Jordy leaned back in his chair. Company policy said he couldn’t hang up on a call, and recorded all conversations “for quality and training purposes,” which was a mouthful way of saying they didn’t trust service techs after Wally McCullach rang up a thousand dollars last year chatting up women in Thailand on the weekends. While it wasn’t often checked, Jordy felt today’s logs would be audited for sure.
He sighed. “We make machinery for the cosmetics industry.”
“Well what the hell good are you then?” Brakes squealed in the background with another round of honking.

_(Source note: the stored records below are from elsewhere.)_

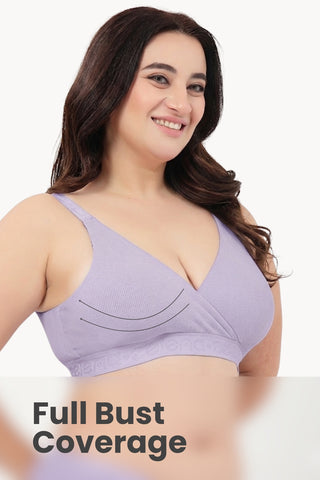 Zena Fine-Rib Bra Pack of 2 - (Lavender & Grey Melange)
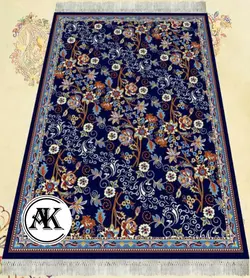 خرید گلیم طرح پیچک سرمه ای کد 090
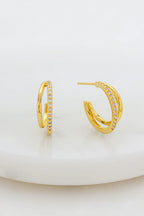 Celeste Hoop - Gold/Clear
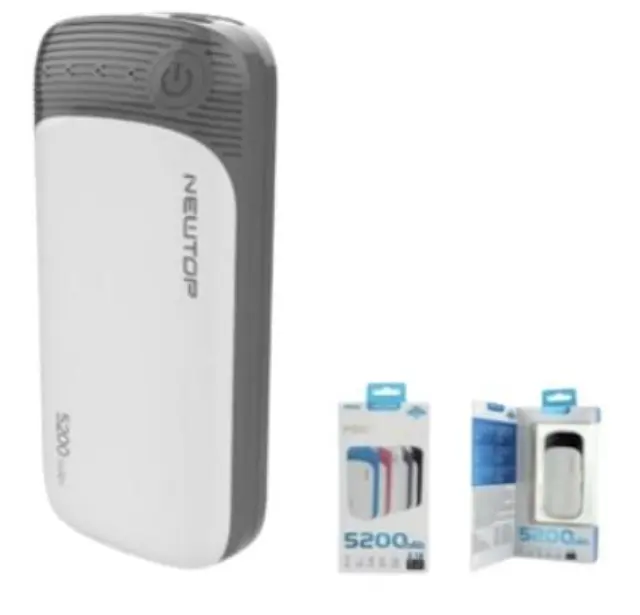 NEWTOP Powerbank PB18 5200mAh ΛΕΥΚΟ-ΓΚΡΙ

“Maybe you should call a wrecker, or the police, sir.”
“That’s what I’m doing, but instead I got you idiots.”
“Where are you, sir? I’ll call a wrecker for you.” Jordy reached for phone book wedged between his desk and the floor.

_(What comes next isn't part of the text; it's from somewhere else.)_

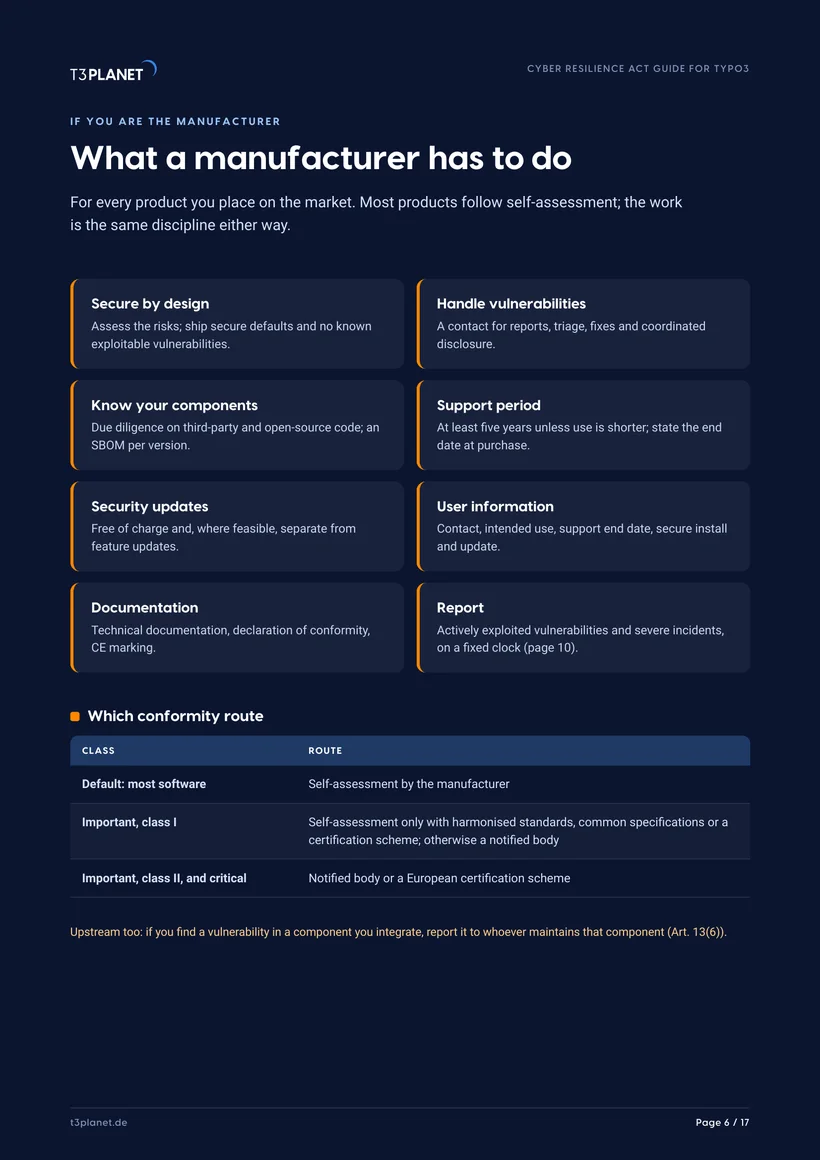 p. 6: What a manufacturer has to do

“Mason and Third, downtown Kalamazoo.”
Jordy hesitated. “Michigan?”
“Hells yes, Michigan. You know of any other Kalamazoo?”
“I’m just outside of Pittsburg, sir.” There was a long pause. Jordy’s mouth blabbered to fill the silence. “Maybe that’s your problem. I’ll bet our number is the same as the wrecker service you called but with a different area code.”
“What area code? I just dialed and you answered. I pay a hundred dollars a month for this phone, it should know which damned area code I’m in.” Another horn blared in the background. “Look, just find me another number, son. Quick, now.”
Jordy stared at the phone book under his desk. It only covered the metro Pittsburg area and was five years out of date. He told the man this, then had to jerk the phone back from his ear.
“Jeeeesus Cee-rist, are you ever worthless. Just Google something already.”
“Um, our IT department doesn’t let us use Google. Our IT manager doesn’t … let us.” He was about to say his IT manager’s office was rumored to be lined with tinfoil, and that he configured the company’s network under the assumption that either the NSA or North Korea would attempt a cyber-attack against the server farm, with the help of a mole within the company, most likely one of the service techs. But saying stuff like that on a bugged phone could get him fired.
The man on the other end swore and (thankfully) hung up. Jordy scribbled down “wrong number” on his call log, noted the time, and went back to playing part number poker. Two hands later, he had lost the throne to Sweden and his hypothetical first born daughter, when the phone rang.
“Rogan Josh Technology Group, this is Jordy.”
“You didn’t wish me a merry Christmas,” the man from Kalamazoo said.
Mindful of the computerized Big Brother listening in, he reined in his urge to give proctologic advice. Instead he said, “You hung up before I could do so sir.”
The silence on the other line stretched on for many moments before the man from Kalamazoo spoke. “Well? I’m waiting.”
Jordy stared at the phone. Was holiday pay really worth this? He looked around at the shadowed desks, the silver tinsel in the hallway reflecting the sickly yellow glow of the emergency lights, and decided that no, it was not.
“Merry Christmas, sir,” Jordy said.
“Go to hell.” Click.
Jordy hung up the phone, and wrote in his phone log: wrong number follow-up, and the time. It was still an hour until lunch. Jordy grabbed the flashlight and headed for the production floor. The machine had to have a screw loose somewhere; if not, he certainly did.